Juliusz - Członek Klubu Budujących Dom, baterie założył w 2019 r.
Łazienka przy strefie wspólnej na parterze: powierzchnia 3,77 m2. Woda - czerpana ze studni głębinowej i uzdatniana przy pomocy rozbudowanej stacji, odprowadzana do szamba, podgrzewana przez jednofunkcyjny kondensacyjny kocioł gazowy, gromadzona w zasobniku c.w.u. o pojemności 150 l. Armatura - prysznic typu walk-in z odpływem liniowym, podwieszany sedes, umywalka.

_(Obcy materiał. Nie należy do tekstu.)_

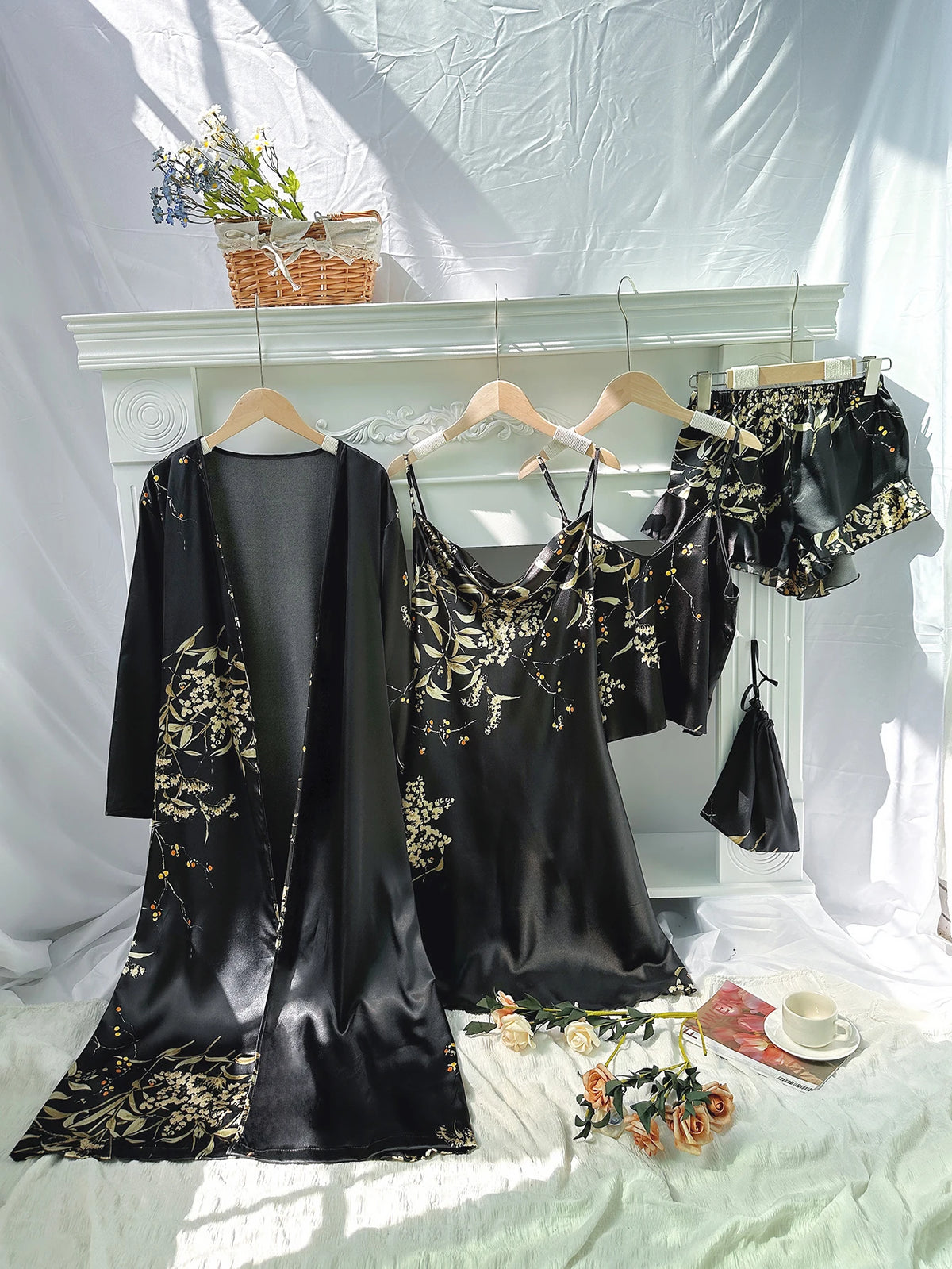 5pcs Floral Print Long Sleeve Robe Cami Dress Pajamas Sets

Baterie: podtynkowe, z mosiądzu wykończonego czarną powłoką, kształt minimalistyczny, z jednej linii stylistycznej. Przy umywalce - bezdotykowa, z czujnikiem na podczerwień. Przy sedesie - bidetka. Pod prysznicem - słuchawka prysznicowa i deszczownica, bez termostatu.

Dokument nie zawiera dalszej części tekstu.